Description:
Fortvita is seeking a dynamic and experienced Senior Director / Director Regulatory CMC to lead regulatory CMC strategies for clinical development through commercialization. The ideal candidate has experience in large molecules product development, regulatory CMC leadership, and global filing experience. The person will work in a matrix environment and lead authoring and reviewing of documents required for global regulatory submissions, in compliance with applicable regulations. This role is a hybrid model located in Palo Alto, CA.
Responsibilities
- Provide strategic CMC regulatory leadership and expertise to develop and execute regulatory strategies for global development and registration.
- Identify and communicate regulatory risks and facilitate risk mitigation strategies.
- Leads health authority interactions for CMC specific issues.
- Leads the development, writing, reviewing, and editing of CMC related technical data for inclusion in Module 3 of the common technical document (CTD). This will include information from standard operating procedures (SOPs), batch records, stability protocols, manufacturing process development, validation reports, etc for the preparation of INDs, BLAs, IMPD sections, related Module 2 summaries (QOS), briefing documents, and any other regulatory submission documents needed to support regulatory meetings, marketing applications, and life cycle management.
- Leads and manages CMC regulatory changes throughout the product life cycle.
- Performs reviews of documents prepared by other team members for completeness, accuracy, structure and grammar.
- Interprets and analyzes data related to product characterization, manufacturing process, product and process control, analytical tests, and stability while interpreting and analyzing applicable tables, listings, figures.
- Attends cross-functional meetings and works closely with process development, manufacturing, analytical, quality, and regulatory affairs team
- members to communicate document-specific timelines to ensure deliverables are completed on-time.
- Other duties as assigned
Qualifications
- A minimum of a Master’s degree in life sciences.
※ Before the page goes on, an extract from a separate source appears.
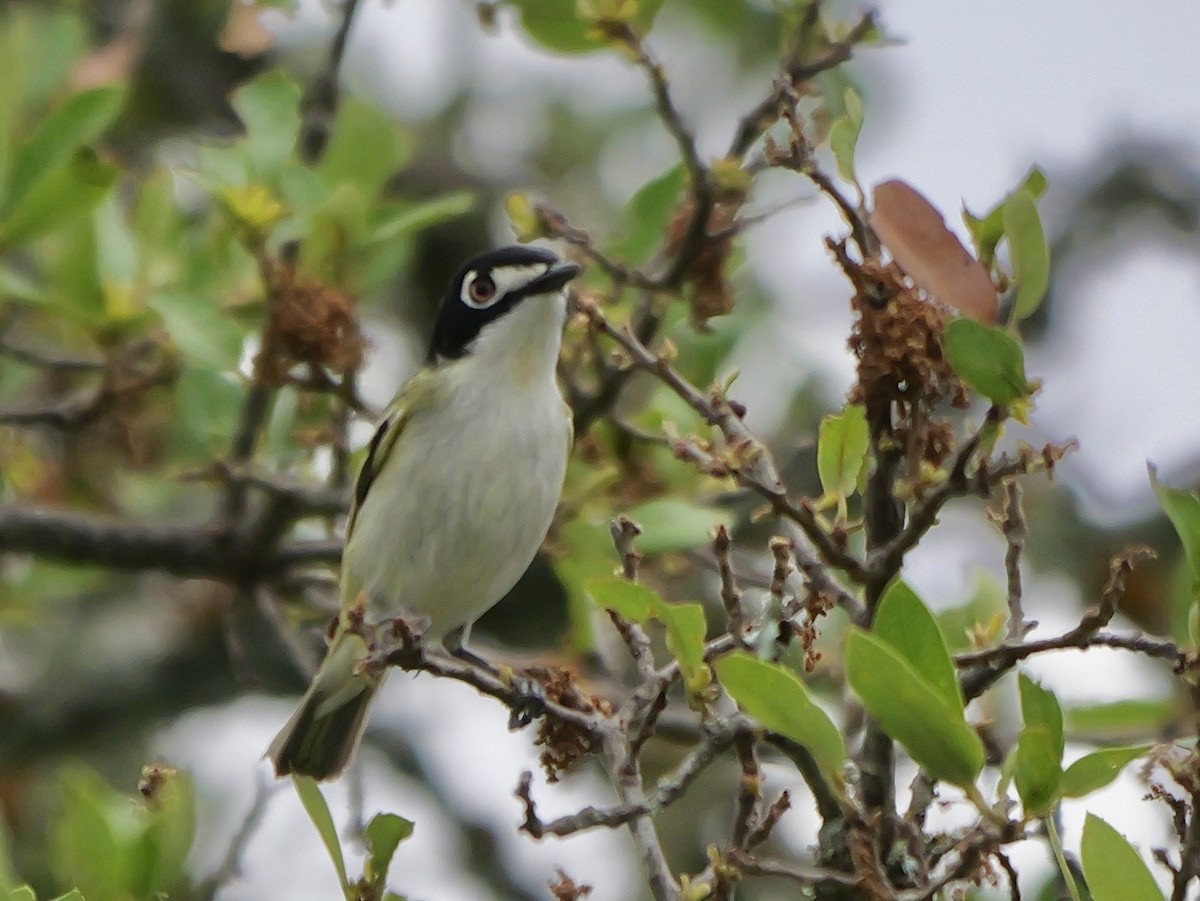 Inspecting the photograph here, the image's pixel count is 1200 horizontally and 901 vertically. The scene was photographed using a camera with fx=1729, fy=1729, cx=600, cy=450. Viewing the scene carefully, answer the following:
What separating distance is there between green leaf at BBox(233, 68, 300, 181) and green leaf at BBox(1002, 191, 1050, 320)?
3131 mm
PhD or equivalent is a plus
- Eight or more years of industry (Pharmaceutical, Mabs, ADC) experience.
- Prior work experience with US FDA or EMA is a big plus
- In depth knowledge of US and ex-US regulations and filing requirements
- Thorough understanding of international guidelines (ICH, cGCP) and regulations
- Excellent verbal and written communication skills and the ability to interact professionally with a diverse group of stakeholders, senior managers, and subject matter experts.
- Strong analytical, project management skills.
- Able to follow directions and be accountable for work assigned.
- Able to work independently, multi-task, and prioritize workload.
- Must have a team attitude and work in a matrix environment
- Experience planning for and participating in Health Authority meetings.
- Demonstrated ability to assess and manage risk in a highly regulated environment.
- Demonstrated strong written, spoken and presentation communication skills.
- Demonstrated leadership behaviors and negotiation and influence skills.
- Demonstrated attention to detail.
- Demonstrated effective teamwork skills; able to adapt to diverse interpersonal styles.